Secara umum, hasil survei tersebut tidak berubah banyak dari tahun ke tahun. Rakyat Indonesia dikenal memiliki semangat keagamaan yang tinggi. Karena itulah, kita bisa melihat, dalam berbagai bidang, kini nilai-nilai keagamaan tidak bisa ditinggalkan. Bahkan, di kalangan orang-orang yang menolak campur tangan agama dalam politik dan sebagainya. Kehidupan sehari-hari mereka tidak dapat berpisah dari aneka ritual kemagamaan dalam kehidupan sehari-hari.
Hasil survei itu juga menunjukkan, bahwa program sekularisasi yang selama ini terus digencarkan, tidak maraih hasil yang diharapkan. Bertahun-tahun sebelum Indonesia merdeka, para tokoh bangsa sudah berdiskusi hebat tentang hubungan agama dan negara. Sebagian mengusulkan, agar Indonesia merdeka, memisahkan negara dengan agama. Tapi, usaha ini gagal.
- Hassan, guru Mohammad Natsir, termasuk seorang yang gigih menentang gagasan sekular itu. Begitu juga dengan Mohammad Natsir. Menurut A. Hassan, memudarnya pengaruh Islam di berbagai negara, adalah disebabkan kesalahan penguasa yang tidak mengamalkan dan mengurus Islam sebagaimana semestinya yang diajarkan oleh Islam.
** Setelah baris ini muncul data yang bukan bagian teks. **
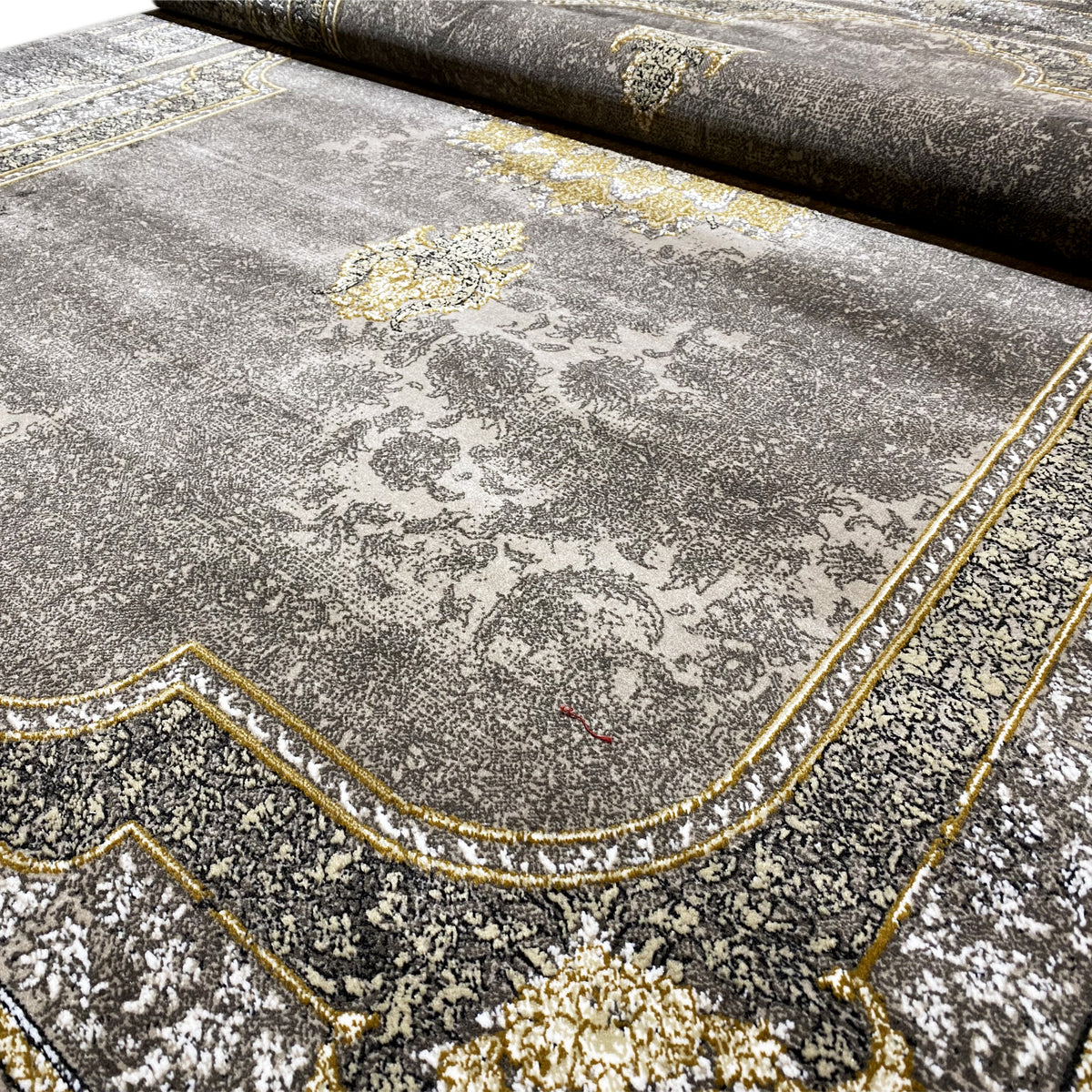 Rug 170x240 cm, close-up: curved gold border on a gray vintage design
Bahkan, tak jarang, agama hanya dijadikan alat untuk mempertahankan kekuasaan. Akan tetapi, menurut A. Hassan, ini bukan berarti Islam tidak sanggup mengurus negara.
Soal penyalahgunaan Islam oleh negara, menurut A. Hassan, hal yang sama bisa terjadi pada paham yang lain, seperti paham kebangsaan yang dianut oleh banyak kaum nasionalis sekular. Jika suatu negara atau kerajaan telah menjadikan Islam sebagai alat kekuasaan, sehingga ia menjadi penghambat kemajuan dan hilang pengaruhnya, maka yang bersalah bukanlah ajaran Islamnya. Penyalahguaan itu bisa juga terjadi pada paham lain. Penganut paham kebangsaan sekular pun bisa menjadikan pahamnya sebagai alat untuk memecah belah dan merah keuntungan diri.